We just held the 7th (Virtual) LightOn AI Meetup, and it was a blast! For this chapter, we had Adam Gaier, Senior AI Research Scientist at Autodesk Research presenting his work on Weight Agnostic Neural Networks, done while at Google Brain and INRIA. You may check out the slides for this talk while we prepare the video of the meetup for upload. It will be posted soon on the Youtube channel of LightOn, subscribe to get notified, and subscribe to our Meetup to get notified of the next events, there is more cool stuff coming!
The presentation started from a discussion on innate abilities in animals, like hatchling marine iguanas able to survive snakes attacking en masse and innate abilities in machines, exemplified by Deep Image Prior and Liquid State Machines.
Not all neural network architectures are created equal, some perform much better than others for certain tasks — but how important are the weight parameters of a neural network compared to its architecture?

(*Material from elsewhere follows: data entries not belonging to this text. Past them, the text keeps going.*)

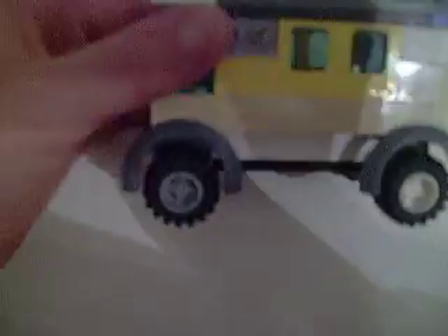Hi YouTube, I'm G100 and I am going to show you my Lego Custom Ambulance. I made it myself. It's quite bad.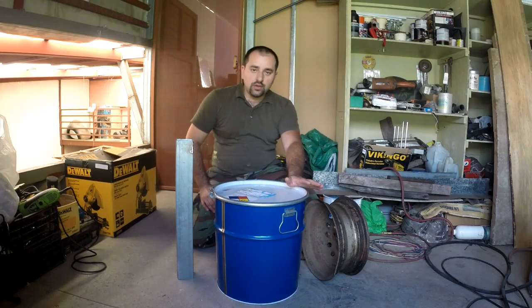Hello YouTubers! Thank you for watching another of my projects. This time I'm going to build a small charcoal retort that's for making charcoal or biochar from wood — pieces of wood, firewood you have laying around.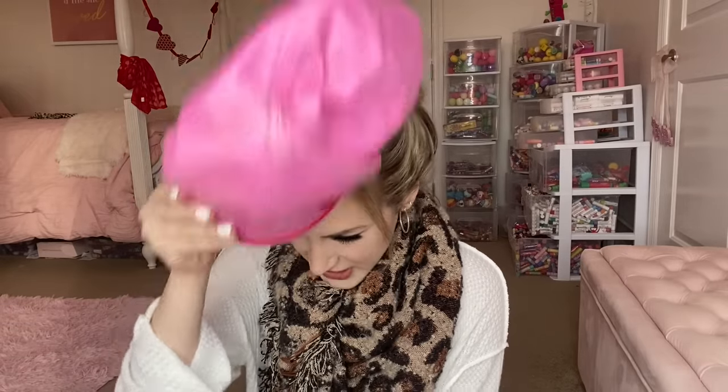Oh my gosh, no way — my Strawberry Shortcake hat! I was obsessed with Strawberry Shortcake until I was probably in fourth grade. I loved it so much — I had all the dolls and apparently I had a hat too. I think my head grew a little bit — I just can't wear it right now because my hair's in a bun. But yeah, that's pretty snazzy!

To answer this question, a different kind of neural architecture search is needed: one that de-emphasizes training and weights. Ideally one would repeatedly sample weights and test, but this becomes quickly unfeasible because of the curse of dimensionality. The solution is simple: use a single shared weight for all connections, and estimate performance on several roll-outs. This mechanism produces Weight Agnostic Neural Networks, or WANNs, networks that can perform well with a single shared weight, even when it is assigned randomly!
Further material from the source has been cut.